Evaluating probabilistic and data-driven inference models for fiber-coupled NV-diamond temperature sensors
Shraddha Rajpal, Zeeshan Ahmed, Tyrus Berry

TL;DR
This paper compares probabilistic and data-driven inference models for fiber-coupled NV-diamond temperature sensors, showing the probabilistic model's superior robustness and uncertainty estimation, especially in extrapolation scenarios.
Contribution
It introduces a probabilistic inference model for ODMR-based temperature sensing and benchmarks it against data-driven methods, highlighting its robustness in extrapolation.
Findings
Probabilistic model achieves ±1 K uncertainty across 243-323 K.
Data-driven methods have lower uncertainties within the training range.

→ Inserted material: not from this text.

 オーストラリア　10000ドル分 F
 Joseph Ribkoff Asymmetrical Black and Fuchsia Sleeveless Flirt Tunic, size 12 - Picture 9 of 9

Probabilistic model outperforms in extrapolation beyond training data.
Abstract
We evaluate the impact of inference model on uncertainties when using continuous wave Optically Detected Magnetic Resonance (ODMR) measurements to infer temperature. Our approach leverages a probabilistic feedforward inference model designed to maximize the likelihood of observed ODMR spectra through automatic differentiation. This model effectively utilizes the temperature dependence of spin Hamiltonian parameters to infer temperature from spectral features in the ODMR data. We achieve prediction uncertainty of 1 K across a temperature range of 243 K to 323 K. To benchmark our probabilistic model, we compare it with a non-parametric peak-finding technique and data-driven methodologies such as Principal Component Regression (PCR) and a 1D Convolutional Neural Network (CNN). We find that when validated against out-of-sample dataset that encompasses the same temperature range as the…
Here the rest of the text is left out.